Traditionally, integrated campaign forecasts begin with a campaign flow or funnel, built front-to-back. Impressions to clicks, clicks to site visits, etc. Last year I created a post Accessible Key Performance Indicators, A 4 Part Framework, to help planners better understand KPI’s but, significantly, not the micro-details of campaign performance metrics. Recently, however, we have been helping Marketers look at integrated campaigns differently in order to go beyond the obvious performance metrics. Rather than impressions, click-thru’s, social shares and bounce rates, marketers need to pay attention to the other side of the funnel with metrics such as close ratio, lead disqualification and irrelevant site visits. Here’s how:

1. Close ratio

Email nurturing and basic forms of content are slowly providing diminished returns as these tactics become ubiquitous to marketers and noise to target audiences. Companies like Hubspot are focusing on ways to combat audience fatigue and tactic saturation because of the drastic change in how we communicate. Their new product, Signals, represents an example of tying email open rates to individual profiles. Despite these efforts from technologists, considered-purchase cycles still challenge close ratios. Considered purchase buyers are always going to be on very different timetables (some immediate, but most longer-term). You need numerous communication channels in order to help sales nurture campaign relationships.
If you are not using social CRM practices to supplement email, phone, and content nurturing, you are missing an opportunity to improve this very important metric. Assign one team member to do a full inventory of your tools and personal. The assessment will enable them to pick the right places and right personnel to begin piloting social CRM within your marketing campaigns.

2. Lead disqualification

Disqualification happens in the funnel process as leads are filtered and further assigned for follow-up. Disqualification can be automated (like scoring), human-driven, or a combination of both. This one performance indicator has a massive impact on forecasting. Disqualified leads can be as high as 50%-65% in many campaigns. Too often marketers will either fail to estimate accordingly for disqualification, or they will make the mistake of not investing the time to really understand how a leads should be qualified.
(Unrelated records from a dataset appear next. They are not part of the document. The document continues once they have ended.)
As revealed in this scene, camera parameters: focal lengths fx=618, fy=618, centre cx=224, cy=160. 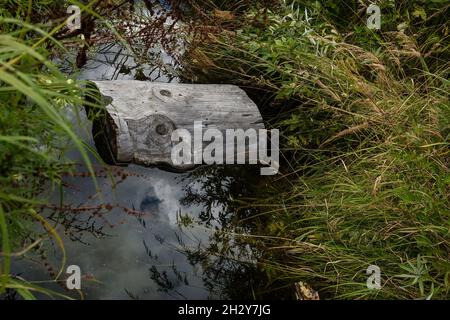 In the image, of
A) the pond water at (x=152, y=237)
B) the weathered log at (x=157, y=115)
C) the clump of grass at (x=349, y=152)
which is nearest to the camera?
the pond water at (x=152, y=237)

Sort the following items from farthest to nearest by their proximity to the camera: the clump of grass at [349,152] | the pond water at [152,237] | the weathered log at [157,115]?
the weathered log at [157,115]
the clump of grass at [349,152]
the pond water at [152,237]

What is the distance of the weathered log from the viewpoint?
11.4 feet

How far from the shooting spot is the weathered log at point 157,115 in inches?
137

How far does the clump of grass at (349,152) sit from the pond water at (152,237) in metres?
0.21

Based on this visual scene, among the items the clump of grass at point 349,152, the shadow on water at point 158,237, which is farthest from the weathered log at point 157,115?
the clump of grass at point 349,152

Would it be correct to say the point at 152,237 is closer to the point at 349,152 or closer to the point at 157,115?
the point at 157,115

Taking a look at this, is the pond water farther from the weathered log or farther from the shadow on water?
the weathered log

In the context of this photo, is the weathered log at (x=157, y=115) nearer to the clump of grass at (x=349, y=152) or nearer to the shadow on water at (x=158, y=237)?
the shadow on water at (x=158, y=237)

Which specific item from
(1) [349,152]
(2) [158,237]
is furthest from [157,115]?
(1) [349,152]

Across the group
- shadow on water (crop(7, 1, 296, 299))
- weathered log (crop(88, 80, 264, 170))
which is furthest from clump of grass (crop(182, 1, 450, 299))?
weathered log (crop(88, 80, 264, 170))

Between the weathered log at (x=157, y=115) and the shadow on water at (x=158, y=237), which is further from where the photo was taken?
the weathered log at (x=157, y=115)

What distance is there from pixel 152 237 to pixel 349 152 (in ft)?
4.09

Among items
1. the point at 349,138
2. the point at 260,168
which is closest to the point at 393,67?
the point at 349,138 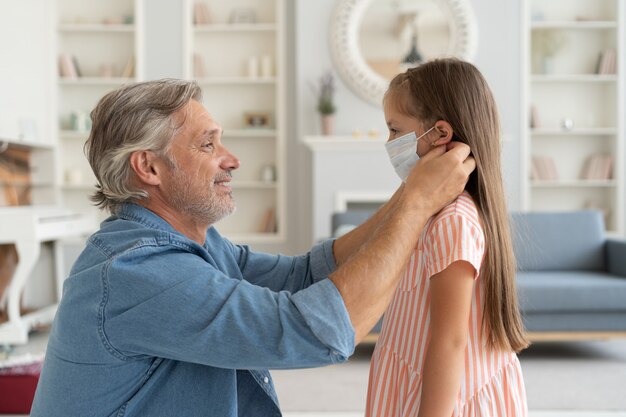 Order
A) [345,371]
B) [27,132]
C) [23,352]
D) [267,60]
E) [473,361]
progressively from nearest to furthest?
[473,361]
[345,371]
[23,352]
[27,132]
[267,60]

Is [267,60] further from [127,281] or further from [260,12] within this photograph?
[127,281]

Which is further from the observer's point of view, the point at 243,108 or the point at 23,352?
the point at 243,108

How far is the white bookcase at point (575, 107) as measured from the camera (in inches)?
243

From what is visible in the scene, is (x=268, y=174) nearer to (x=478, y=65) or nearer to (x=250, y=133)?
(x=250, y=133)

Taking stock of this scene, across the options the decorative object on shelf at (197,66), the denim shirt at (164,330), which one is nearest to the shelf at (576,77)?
the decorative object on shelf at (197,66)

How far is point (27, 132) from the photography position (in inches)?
213

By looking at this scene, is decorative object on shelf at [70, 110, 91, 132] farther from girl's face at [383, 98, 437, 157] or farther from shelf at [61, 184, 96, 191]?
girl's face at [383, 98, 437, 157]

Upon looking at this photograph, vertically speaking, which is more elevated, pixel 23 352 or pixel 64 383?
pixel 64 383

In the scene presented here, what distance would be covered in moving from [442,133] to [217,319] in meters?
0.59

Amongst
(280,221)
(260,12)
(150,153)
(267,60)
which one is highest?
(260,12)

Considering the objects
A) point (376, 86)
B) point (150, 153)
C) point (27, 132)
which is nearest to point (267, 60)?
point (376, 86)

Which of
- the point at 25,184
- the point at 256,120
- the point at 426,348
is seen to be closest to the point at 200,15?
the point at 256,120

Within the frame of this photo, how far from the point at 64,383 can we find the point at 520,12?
566cm

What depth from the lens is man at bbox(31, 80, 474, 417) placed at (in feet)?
3.59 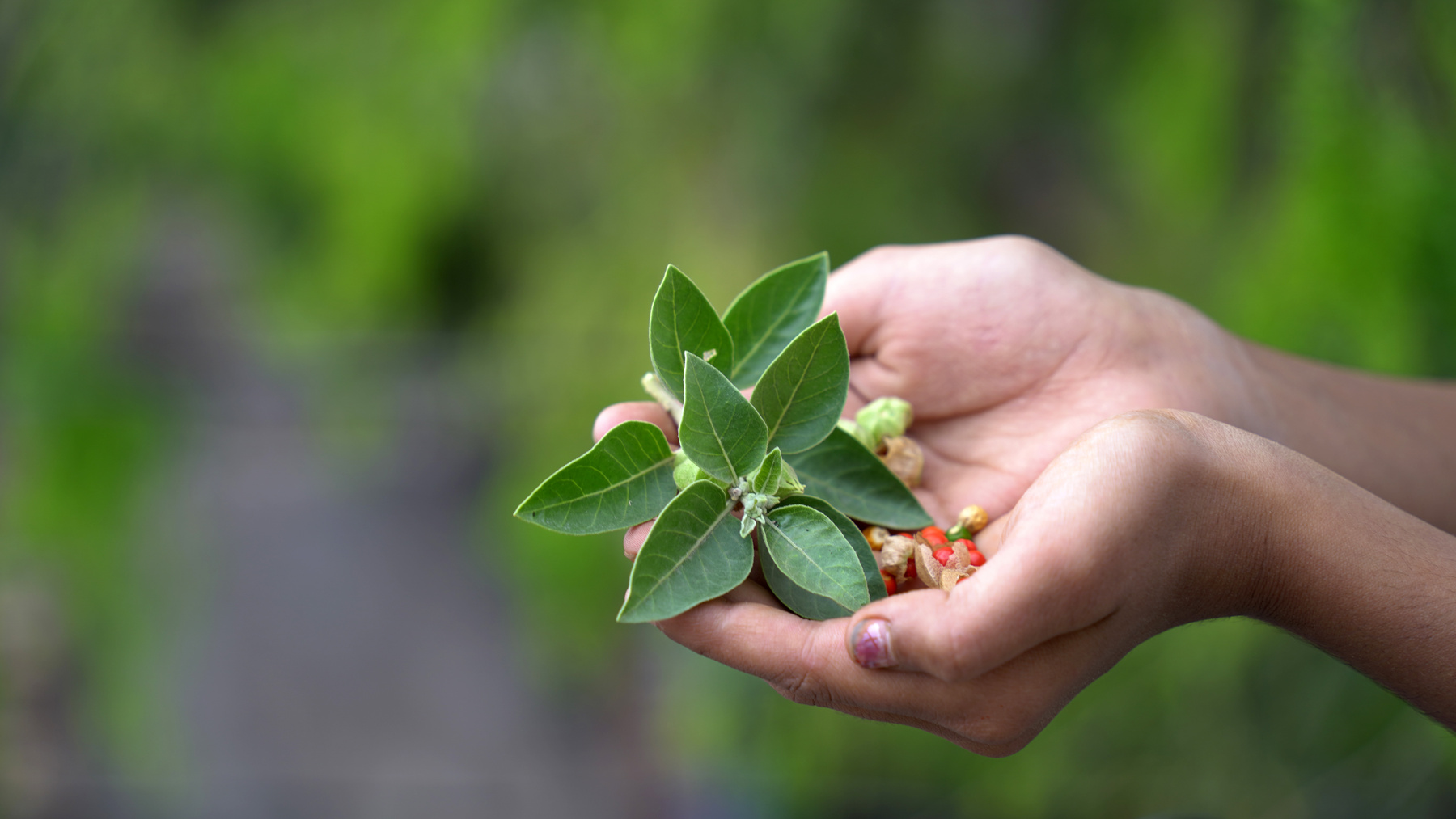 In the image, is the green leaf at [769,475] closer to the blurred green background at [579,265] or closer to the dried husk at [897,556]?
the dried husk at [897,556]

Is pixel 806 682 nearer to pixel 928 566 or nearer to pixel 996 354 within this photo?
pixel 928 566

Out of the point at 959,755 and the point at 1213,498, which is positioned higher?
the point at 1213,498

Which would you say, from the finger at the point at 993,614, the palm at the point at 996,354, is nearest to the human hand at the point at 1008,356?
the palm at the point at 996,354

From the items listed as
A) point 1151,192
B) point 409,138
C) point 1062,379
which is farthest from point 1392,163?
point 409,138

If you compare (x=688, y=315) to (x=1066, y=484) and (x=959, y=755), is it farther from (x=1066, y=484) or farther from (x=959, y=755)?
(x=959, y=755)

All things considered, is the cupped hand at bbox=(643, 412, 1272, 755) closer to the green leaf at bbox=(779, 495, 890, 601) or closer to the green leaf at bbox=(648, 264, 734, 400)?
the green leaf at bbox=(779, 495, 890, 601)

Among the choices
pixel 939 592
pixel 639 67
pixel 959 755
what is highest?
pixel 639 67

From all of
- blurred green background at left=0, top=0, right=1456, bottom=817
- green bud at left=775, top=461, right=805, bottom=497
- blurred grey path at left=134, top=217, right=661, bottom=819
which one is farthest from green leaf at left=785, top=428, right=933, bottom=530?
blurred grey path at left=134, top=217, right=661, bottom=819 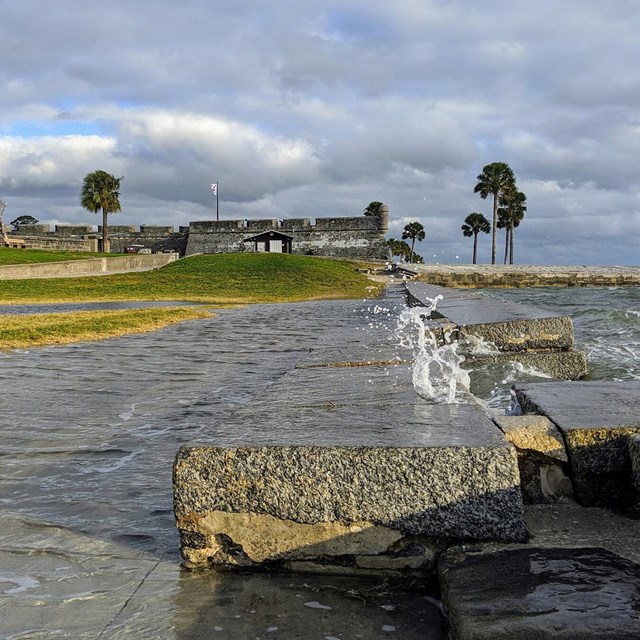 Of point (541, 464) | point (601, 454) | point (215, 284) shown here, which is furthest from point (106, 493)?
point (215, 284)

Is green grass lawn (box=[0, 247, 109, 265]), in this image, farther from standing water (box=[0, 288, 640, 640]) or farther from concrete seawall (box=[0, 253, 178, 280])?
standing water (box=[0, 288, 640, 640])

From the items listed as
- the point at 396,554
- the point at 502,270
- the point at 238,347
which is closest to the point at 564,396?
the point at 396,554

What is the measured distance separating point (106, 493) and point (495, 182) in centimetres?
6044

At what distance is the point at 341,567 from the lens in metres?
2.07

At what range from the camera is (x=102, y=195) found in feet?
175

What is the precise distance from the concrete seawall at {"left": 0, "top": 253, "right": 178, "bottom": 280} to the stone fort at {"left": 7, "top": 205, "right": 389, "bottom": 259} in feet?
29.7

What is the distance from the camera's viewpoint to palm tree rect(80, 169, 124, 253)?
175 ft

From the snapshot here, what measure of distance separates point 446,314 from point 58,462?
16.0 feet

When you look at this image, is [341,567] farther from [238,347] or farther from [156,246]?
[156,246]

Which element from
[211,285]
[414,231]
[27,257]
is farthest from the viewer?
[414,231]

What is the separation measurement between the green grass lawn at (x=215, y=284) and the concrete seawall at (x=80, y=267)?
3.54m

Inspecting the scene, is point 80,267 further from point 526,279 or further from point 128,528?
point 128,528

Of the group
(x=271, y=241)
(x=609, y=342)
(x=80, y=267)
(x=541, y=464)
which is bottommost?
(x=609, y=342)

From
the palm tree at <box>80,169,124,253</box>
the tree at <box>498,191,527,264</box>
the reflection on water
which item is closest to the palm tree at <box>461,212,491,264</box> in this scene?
the tree at <box>498,191,527,264</box> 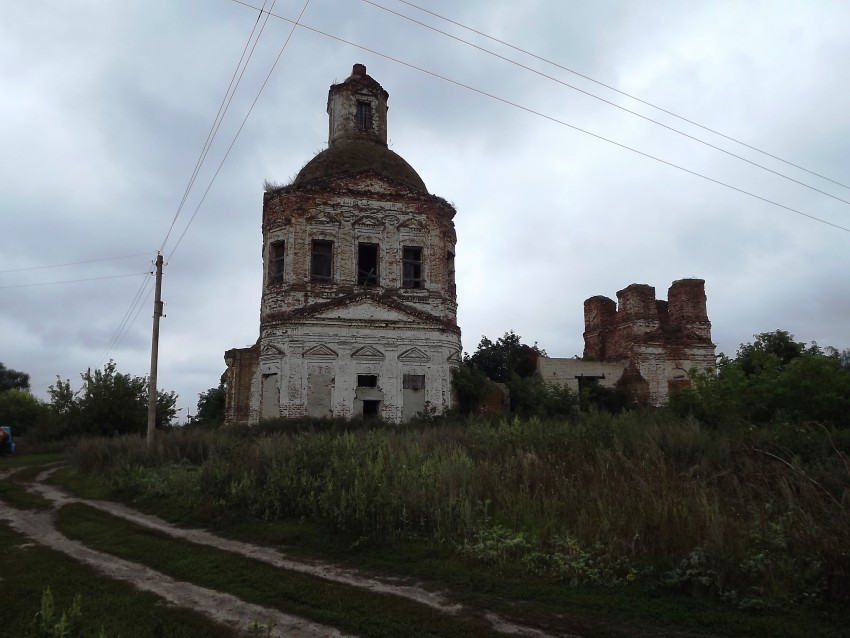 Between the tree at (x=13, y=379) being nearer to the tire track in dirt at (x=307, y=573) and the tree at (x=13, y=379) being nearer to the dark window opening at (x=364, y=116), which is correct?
the dark window opening at (x=364, y=116)

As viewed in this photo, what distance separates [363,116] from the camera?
29750mm

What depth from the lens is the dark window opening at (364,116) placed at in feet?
96.9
As a marketer you need to know what “value” you are getting for your impressions and clicks. Disqualification insights help to inform this. Additionally, if sales team members are helping to filter, you need to forecast for their time following-up with leads. Good forecasting will help you avoid under-resourced campaigns, or the opposite, under-performing campaigns.

3. Irrelevant site visits

Before a lead can be scored and then filtered (qualified or disqualified) they will be accounted-for as an anonymous web site visit. You will always have some amount of irrelevant web visits as people conduct their own research, try selling you something, look for a job, etc. And as you publish more content and use inbound demand generation, irrelevant visits will continue to be a natural byproduct. Your targeting efforts help control some site visitor composition, but there will always be some percentage out of your control.

What you can control, however, is making sure that you carefully use your forecasting to define what constitutes a good site visit, versus an irrelevant visit. Irrelevant visitors will not register as site bounce. They will move past a bounce statistic, and seem like a potential lead. Work with your web analytics practitioner to understand what your applications can do using cookies, ID’s or profiling. That knowledge will help you understand how much you will need to create forecasts based on observational calculations versus unique user data.

You will want to arrive at an acceptable tolerance level for irrelevant site visits. For some campaigns this number can be as high as 25-35%. It doesn’t necessarily imply a good or bad thing, unless you can get to very granular details with your inbound targeting. The tolerance range should serve more as a guide to help you complete accurate forecasting and not overestimate your potential for qualified leads. Because identifying leads and cookie tracking has become so important to marketing applications, it is an important field to follow. A potentially big policy change regarding cookies from Google has been imminent for sometime. You can learn more about Google AdID and how it may affect your campaigns via Google Play.

As you go through this process you will find that there are some unforeseen benefits working in reverse through your campaign funnel planning. It can help you focus on some overlooked but tremendously important performance indicators such as close ratio, disqualification and irrelevant visits.